O Cruzeiro joga na Espanha, França, Itália e Suiça

    Na Espanha estava previsto que o Cruzeiro enfrentaria o Deportivo Espanhol, clube da região da Catalunha, no dia 8 de novembro, porém chegando no país, a delegação foi recebida com uma péssima notícia: não haveria jogos em Barcelona (JORNAL CORREIO DO POVO, 06/11/1953, p. 10). O jogo marcado com o Deportivo Espanhol tinha sido cancelado, o que causou indignação da delegação, que estimava gastos de aproximadamente 120.000 cruzeiros.
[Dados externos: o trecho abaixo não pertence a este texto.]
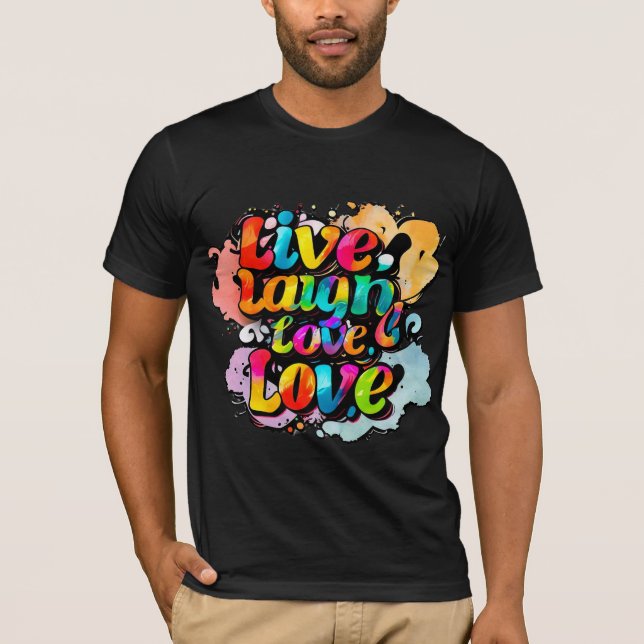 Diseño energético para la camiseta de amor de Laug (Anverso)
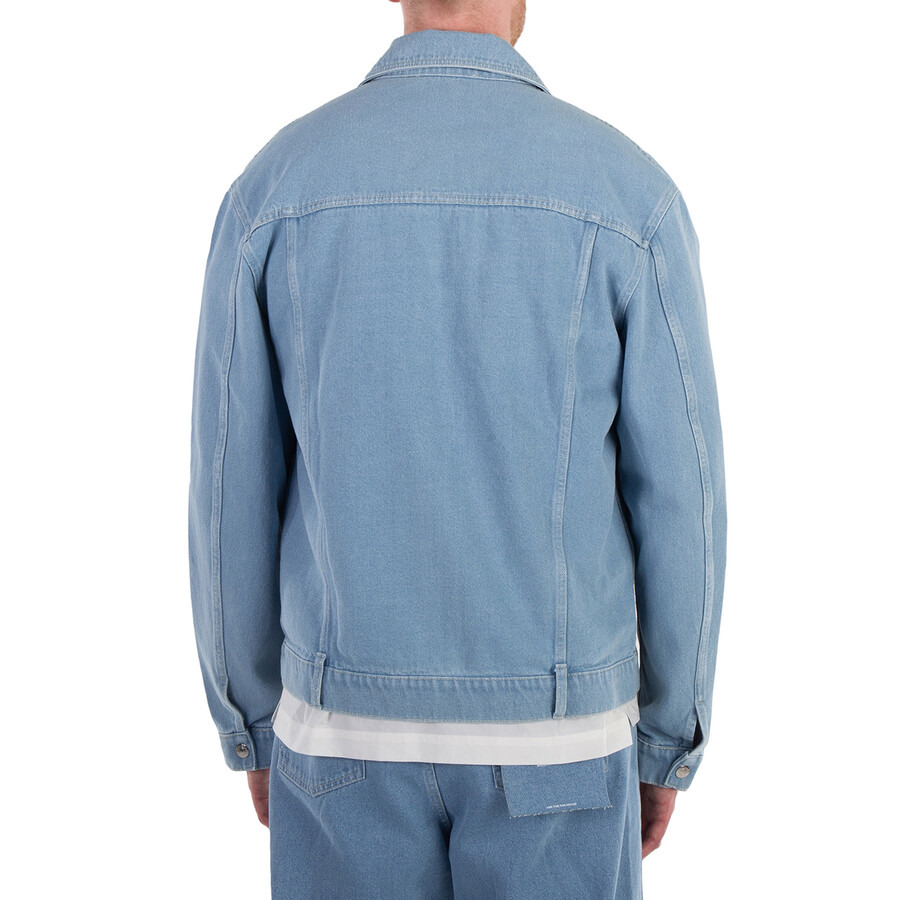 Nanushka Eco Light Wash Boyce Denim Jacket - 6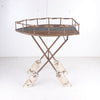 Rusty wood Boat shaped console table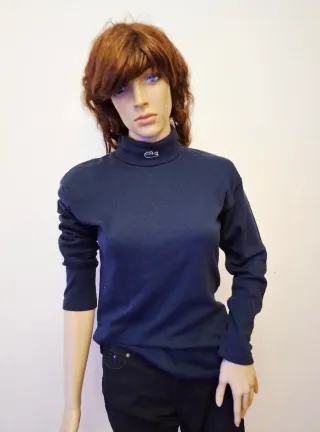 Jersey Lacoste azul cuello alto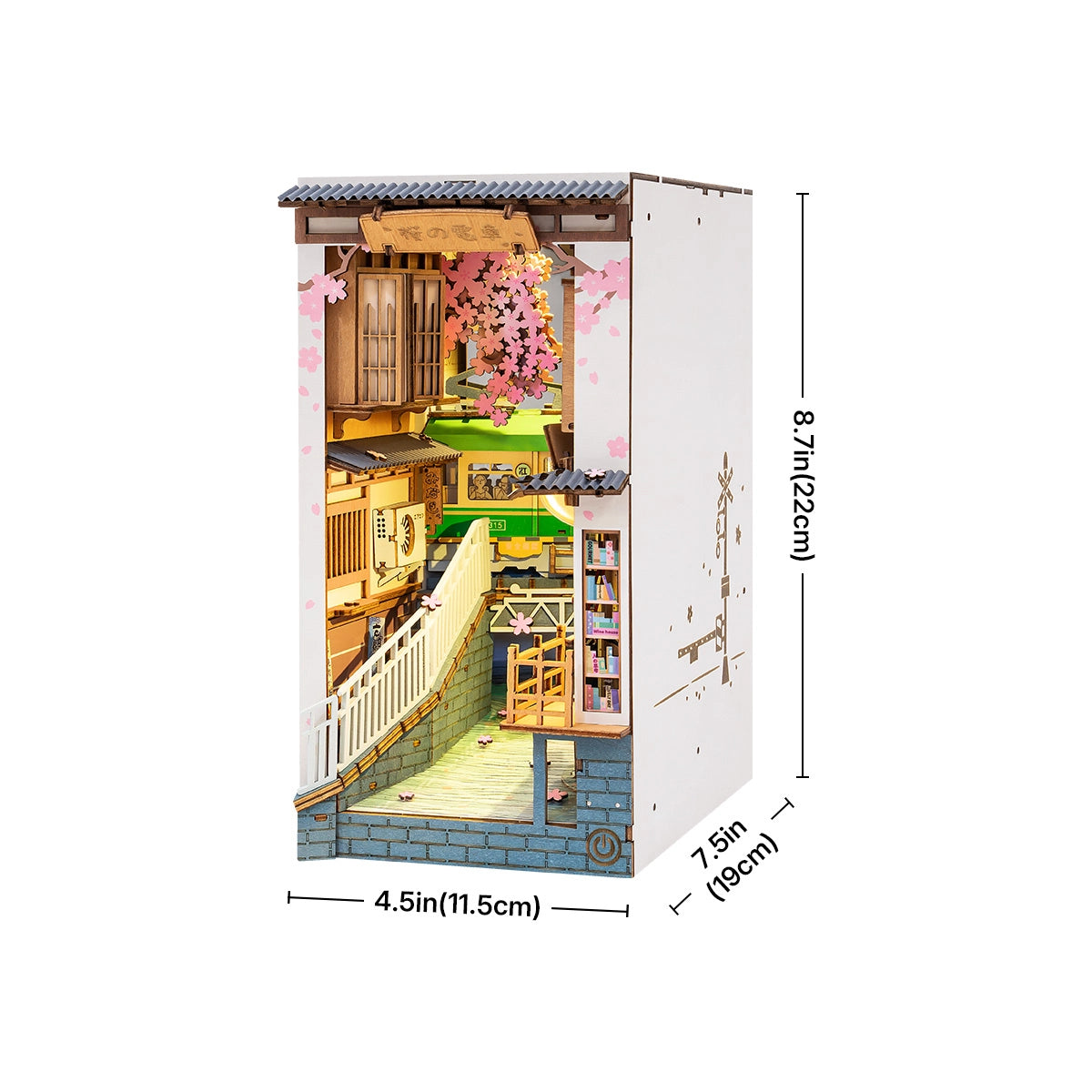 Cherry Blossom Train Station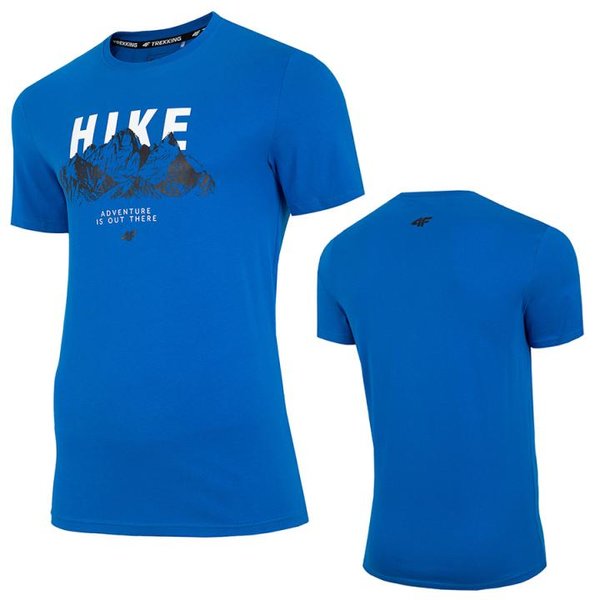 4F - Hike - Herren T-Shirt Baumwolle - blau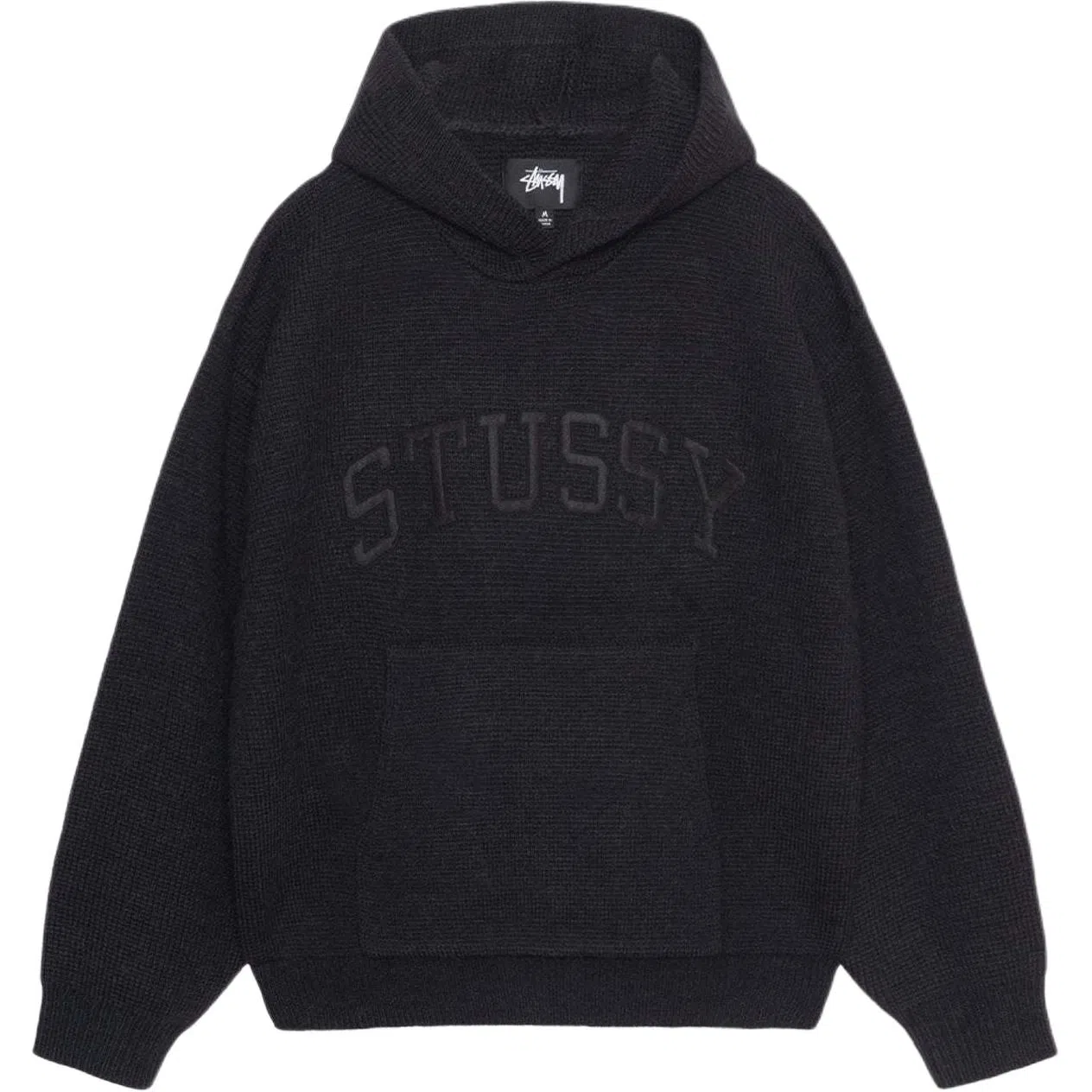 Stussy FW24 FELT PATCH KNIT HOODIE
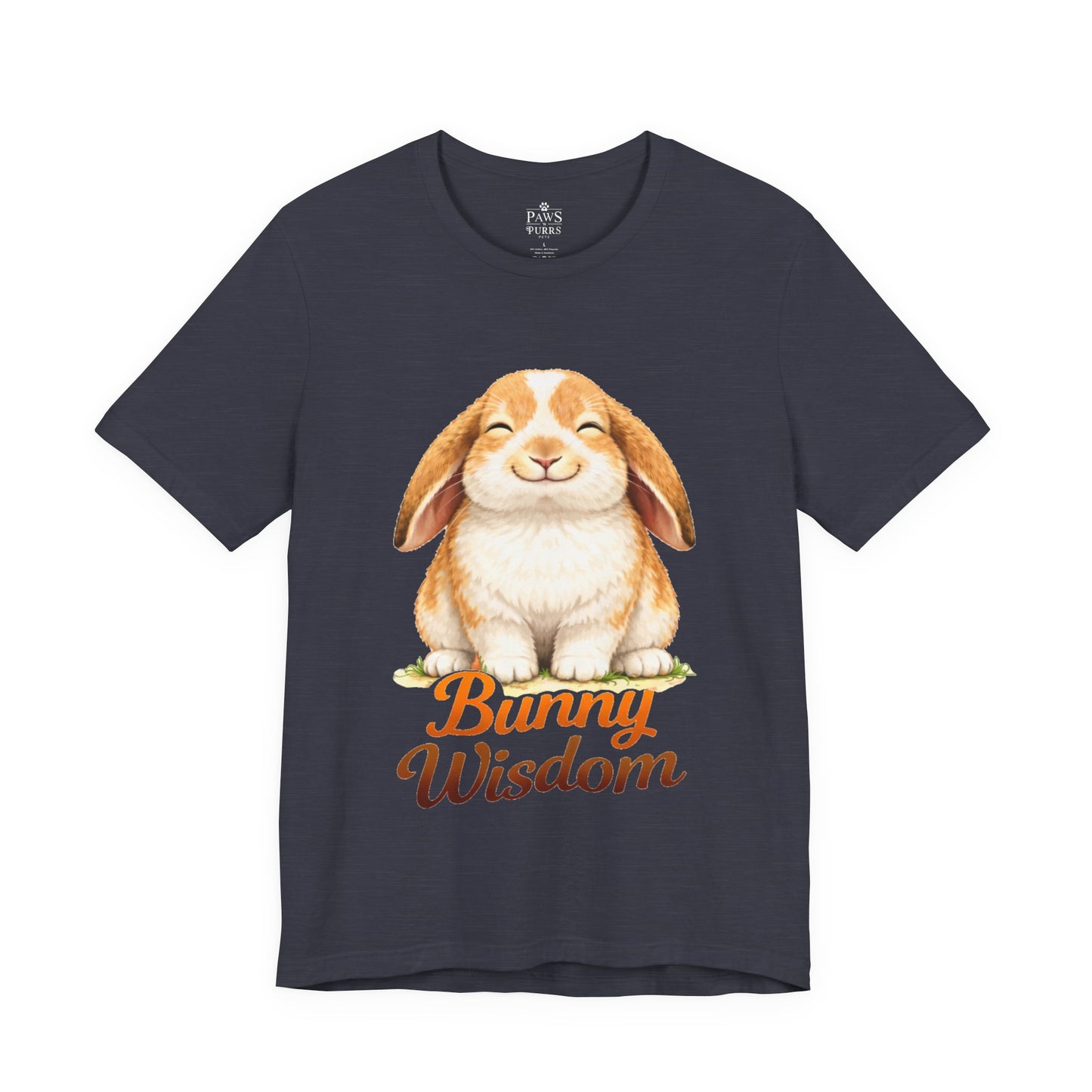 Bunny Wisdom - Soft Unisex Cat T-Shirt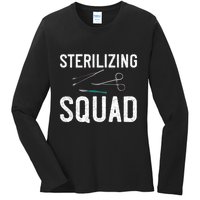 Sterile Processing Technician Certification Manager Tech Ladies Long Sleeve Shirt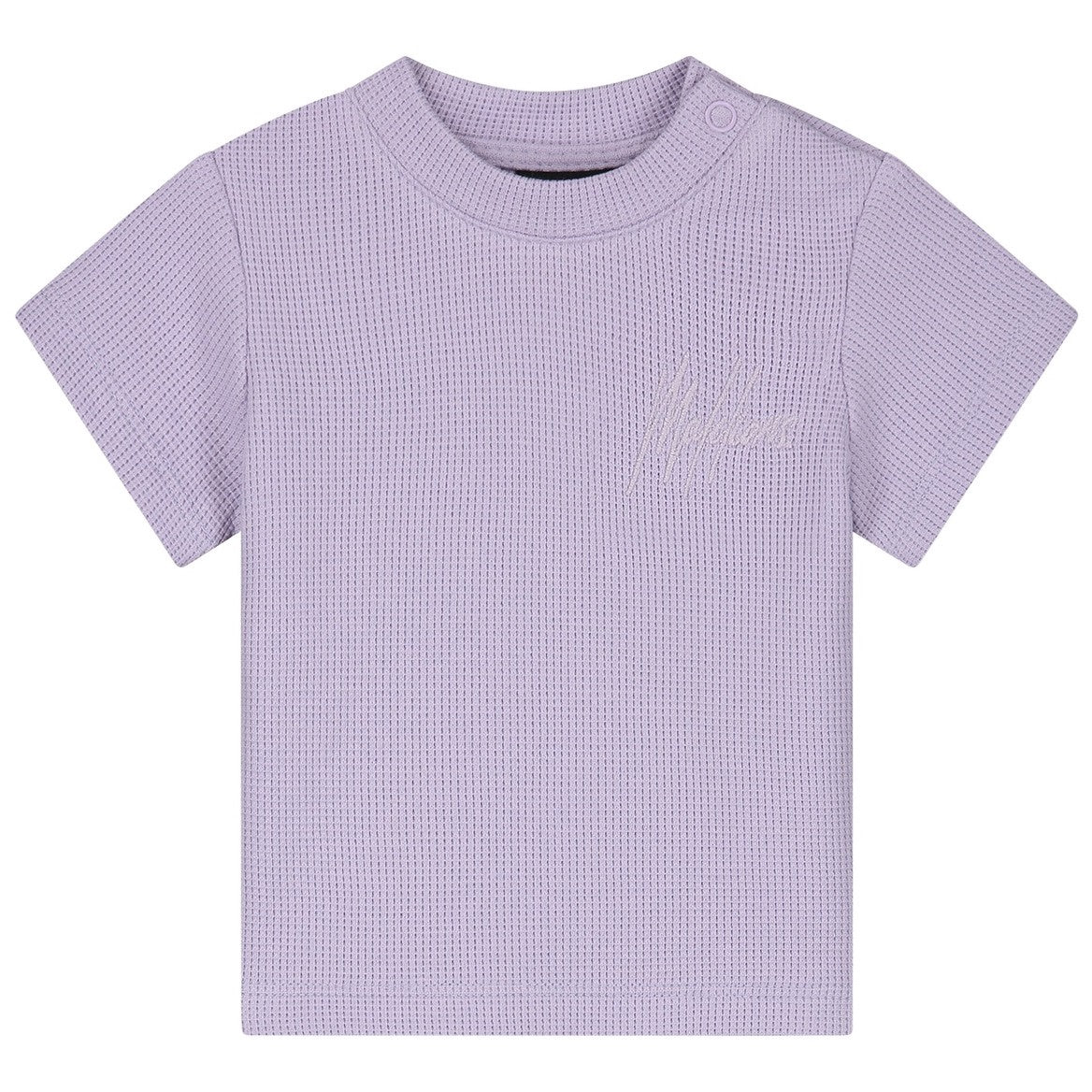 Malelions Baby Waffle Signature T-Shirt paars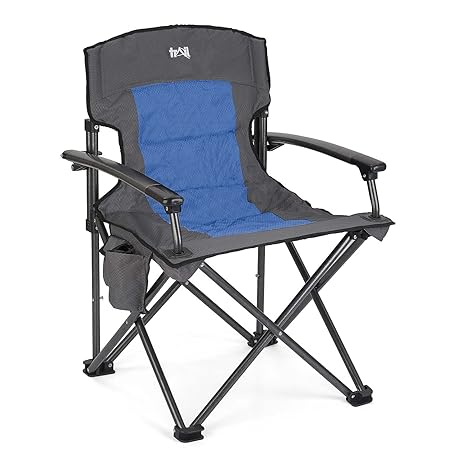 kestrel deluxe padded folding camping chair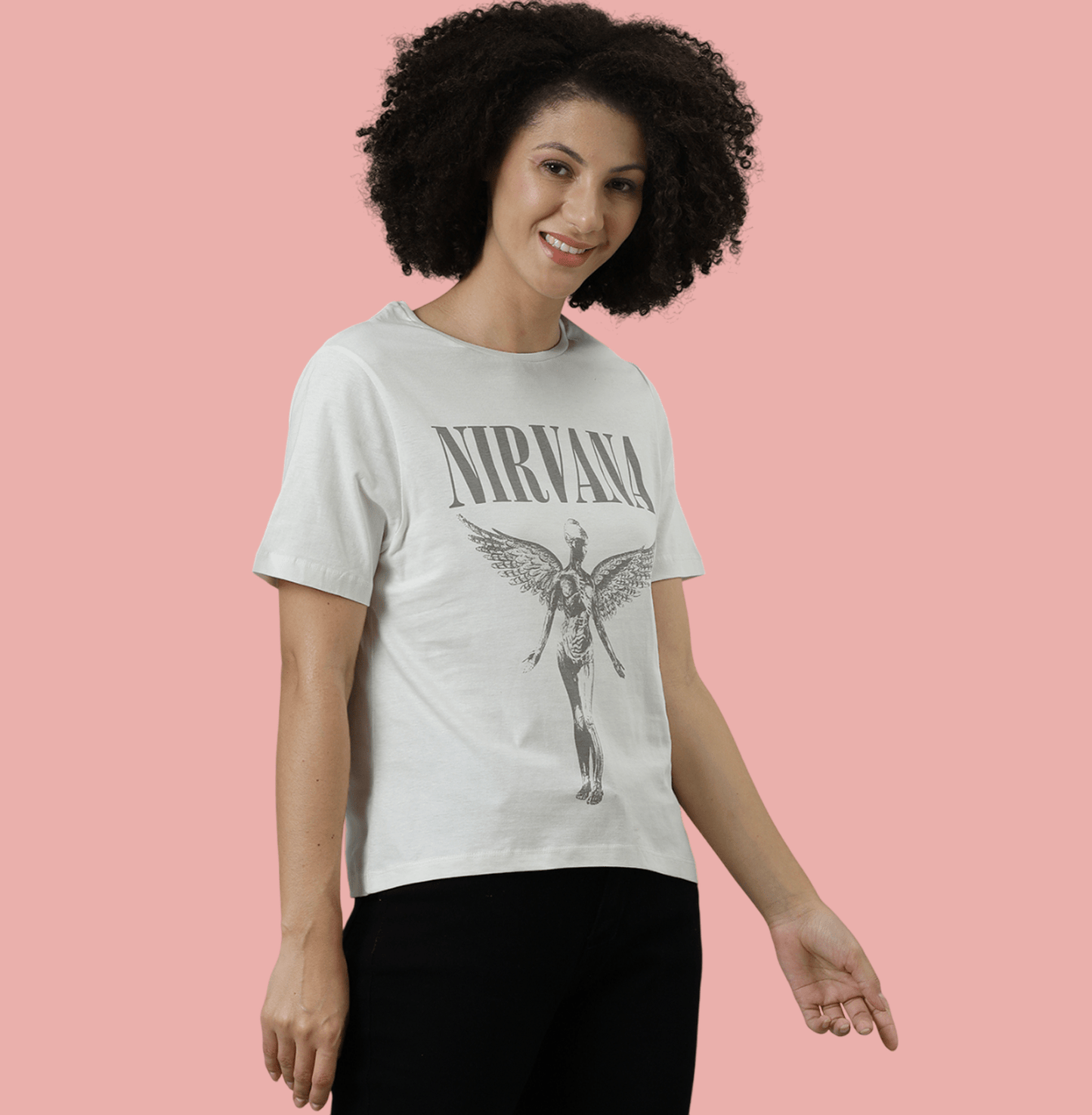 Nirvana 2568 Off White Womens T Shirt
O principal alvo de críticas foi o empresário José Gama, acusado de ter espírito aventureiro, e, pelo que constava nas informações, já havia cometido a mesma falha com o time do Náutico quando realizou semelhante excursão.

    Diante do imprevisto, a direção do Cruzeiro resolveu assumir as rédeas da situação e revelou que o próximo compromisso seria o jogo contra o Real Madrid, grande time europeu, no dia 8 de novembro de 1953 (JORNAL CORREIO DO POVO, 07/11/1953, p. 11). As manchetes do jornal Correio do Povo anunciavam: “Drapejará hoje num estádio europeu, pela primeira vez a bandeira de um clube de futebol do RS, a estrelada do Esporte Clube Cruzeiro” (JORNAL CORREIO DO POVO, 8/11/1953, p. 21). O time do Real Madrid estava desfalcado para o jogo, pois alguns atletas estavam na seleção espanhola. Mesmo assim, contava com grandes astros do futebol europeu, entre eles, Di Stéfano e Olsen.

Cruzeiro x Real Madrid

    O Cruzeiro treinou no estádio Chamartin às vésperas do jogo. No dia 10 de novembro de 1953, o jornal Correio do Povo saudava o Cruzeiro pelo empate conquistado diante do Real Madrid por 0 a 0 (JORNAL CORREIO DO POVO, 10/11/1953, p. 15). O Real Madrid teve um desempenho tecnicamente melhor no jogo, o que já era esperado, pela qualidade de seus jogadores. Mais cansado, por ocasião da viagem, o Cruzeiro encontrou dificuldades com o gramado local, o qual os jogadores do Real Madrid já estavam mais acostumados. Porém, o Cruzeiro se defendeu muito bem e obteve o empate, que foi muito comemorado pela boa atuação do sistema defensivo, destacando-se a atuação do goleiro La Paz do Cruzeiro, e ao final das contas por se tratar de uma equipe do porte do Real Madrid. O estádio contava com metade do público total, devido ao jogo da seleção espanhola, que dividiu a atenção do público.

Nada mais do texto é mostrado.